Every form of OCD is associated with some type of catastrophic fear. In the case of contamination OCD, the obvious fear is illness and death.
However, it’s interesting to note that some individuals with this diagnosis do not fear their own death, but instead fear that once contaminated, they will inadvertently contaminate others, resulting in an illness that will lead to that person’s death.
Regardless of the feared source of contamination, the default response to one’s obsessional fears is to avoid whatever objects or situations are believed to have the potential to cause harm to self or others.
Avoidance behaviors are seen in all anxiety disorders. For example, those with Panic Disorder will avoid activities that may bring about physical changes which mimic a panic attack, such as physical exercise, sitting in a sauna, etc.
They will also avoid entering environments which do not have easily obtainable “escape routes” — seen as necessary should a panic attack occur.
Individuals with a diagnosis of contamination OCD engage in two different forms of avoidance — passive and active avoidance strategies.
This form of avoidance involves completely avoiding, if possible, the feared object, situation, etc. For example, consider someone who fears public restrooms as the primary source of their contamination fears.
The individual defines public restrooms as ANY bathroom other than the one in their own home. Clearly, this definition would make it nearly impossible to use this form of avoidance.
Therefore, in a situation such as this the person would be forced to use an “active” avoidance strategy.
This type of avoidance behavior involves interacting with the feared source of contamination, but only in a ritualistic manner, using several self-imposed rules of engagement.
For example, rather than touching the bathroom door in order to open it, the person would wait for another individual to open the door, and then immediately follow him or her into the restroom.
In addition, when needing to touch any object in the restroom, such as what is needed to flush the toilet, the hot or cold water faucets for washing one’s hands, etc., special gloves, sanitized small towels, etc. would be used — all of which were packed ahead of time, to be used as a means of protecting oneself when needing to use any bathroom outside of the person’s own home.
Once these items are used, the person would then leave them behind in the trash, due to the belief that they now contain the contaminants which originated in the restroom.
Although active avoidance helps to lower anxiety levels experienced by an individual with contamination OCD who has come into contact with items believed to contain certain types of contaminants, the person is still left in a state of uncertainty.
Their “what if” thinking starts to take over. “What if” part of my hand accidentally touched the water faucet, and certain contaminants are still on my hand?
This person is seeking 100% certainty (which never exists) that they have not been contaminated. Thus, following the use of active avoidance, a compulsive washing ritual will take place, of which there are several different formats.
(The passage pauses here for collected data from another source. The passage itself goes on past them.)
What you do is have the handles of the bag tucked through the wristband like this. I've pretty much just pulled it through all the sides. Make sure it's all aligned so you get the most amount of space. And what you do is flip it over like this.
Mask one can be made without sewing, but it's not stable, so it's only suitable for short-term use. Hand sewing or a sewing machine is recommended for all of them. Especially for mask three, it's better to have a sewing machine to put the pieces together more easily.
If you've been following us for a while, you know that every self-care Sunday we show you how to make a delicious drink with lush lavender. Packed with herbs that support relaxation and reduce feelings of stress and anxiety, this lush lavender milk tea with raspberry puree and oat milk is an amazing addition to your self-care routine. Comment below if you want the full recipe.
Consider Janet, a senior in college, who has been suffering from contamination OCD for more than 10 years. Janet’s obsessions are concerned with the possibility that she will inadvertently come into contact with something or someone (there is no specific object, nor person) that would result in her skin being contaminated.
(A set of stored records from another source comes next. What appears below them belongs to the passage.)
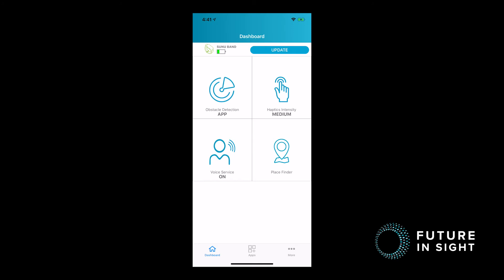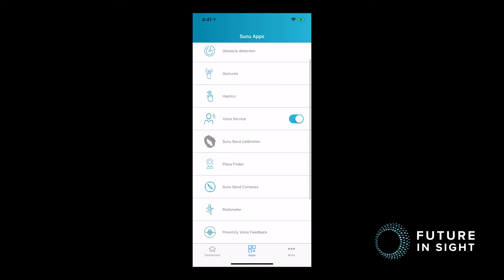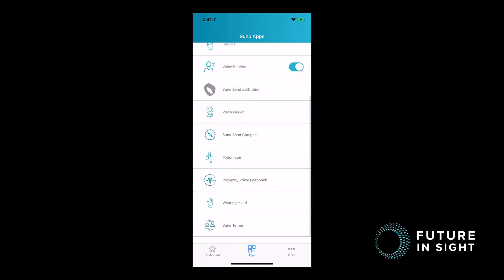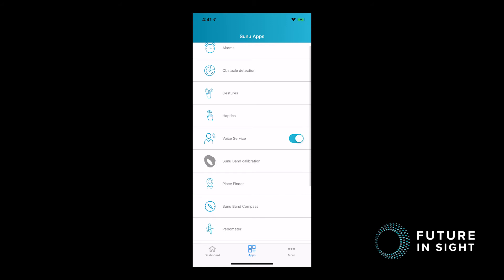Finally, the last thing I'd like to show you is the Apps tab at the bottom of the screen in the middle. If you tap on that, it brings you to more detailed areas where you can change the settings. It also has a pedometer so you can see how many steps, and it would also be where the Sunuband tethering is included. This is a great section to find those more detailed things that you might be looking for.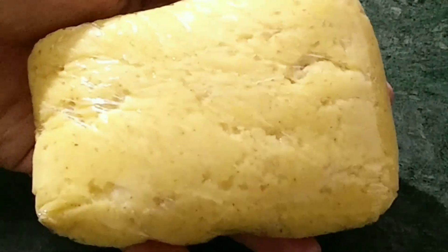Take the dough out after 15 minutes. Unwrap it and put it on a butter-paper-lined baking tray.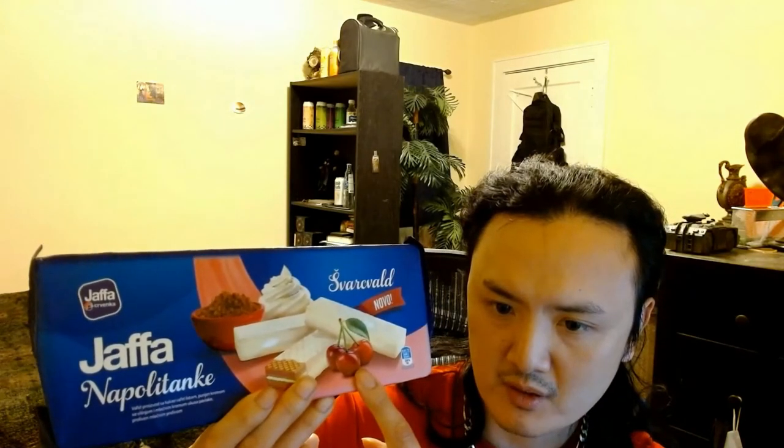The front of the package shows some wafers. It's like a vanilla flavor — it has a vanilla ice cream image. And it also shows cocoa powder and cherry.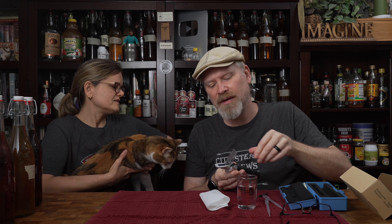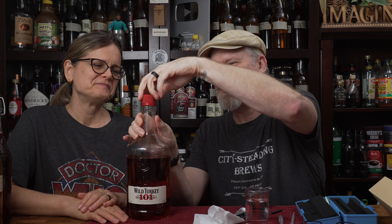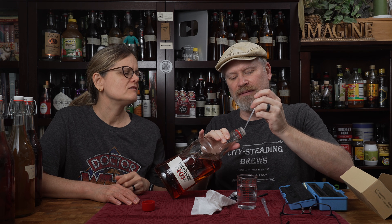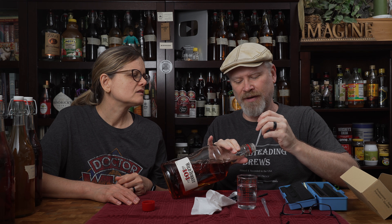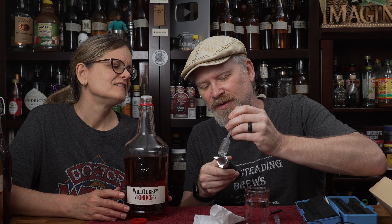Okay, so first let's test some whiskey. This isn't just any old whiskey — this is Wild Turkey 101. So this should read 50.5 percent because it's 101 proof. You knew that, right? That proof and percent — I'm gonna try to get through the thing, I don't want to waste any of this. I think I got enough. Yeah, just a few drops.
Her most catastrophic fear is that she will somehow spread her contamination onto others, causing them to become fatally ill. When she arrives back to her apartment at the end of each day of classes, Janet performs the following ritual:
Use several bars of soap, antiseptic wipes, disinfectants, and bleaches to wash her face, arms, hands, and legs;
These body parts are always washed in the same order — from top to bottom;
Repeatedly soap and rinse these body parts for no less than 1 hour;
Take 2 showers each day AFTER arriving home from school—each shower takes at least 90 minutes; and
Shower using scolding water, granulated soaps and scrub brushes, even though they cause skin lesions (which could elicit infection).
In Part 2 of this series, we’ll discuss the most common factors that trigger compulsive washing.
Barry C. Barmann, Ph.D., is a Licensed Clinical Psychologist in Nevada and California. His wife, Mary B. Barmann, MFT, is a licensed Marriage and Family Therapist in California. Visit anxietytreatmentinclinevillage.com to learn more.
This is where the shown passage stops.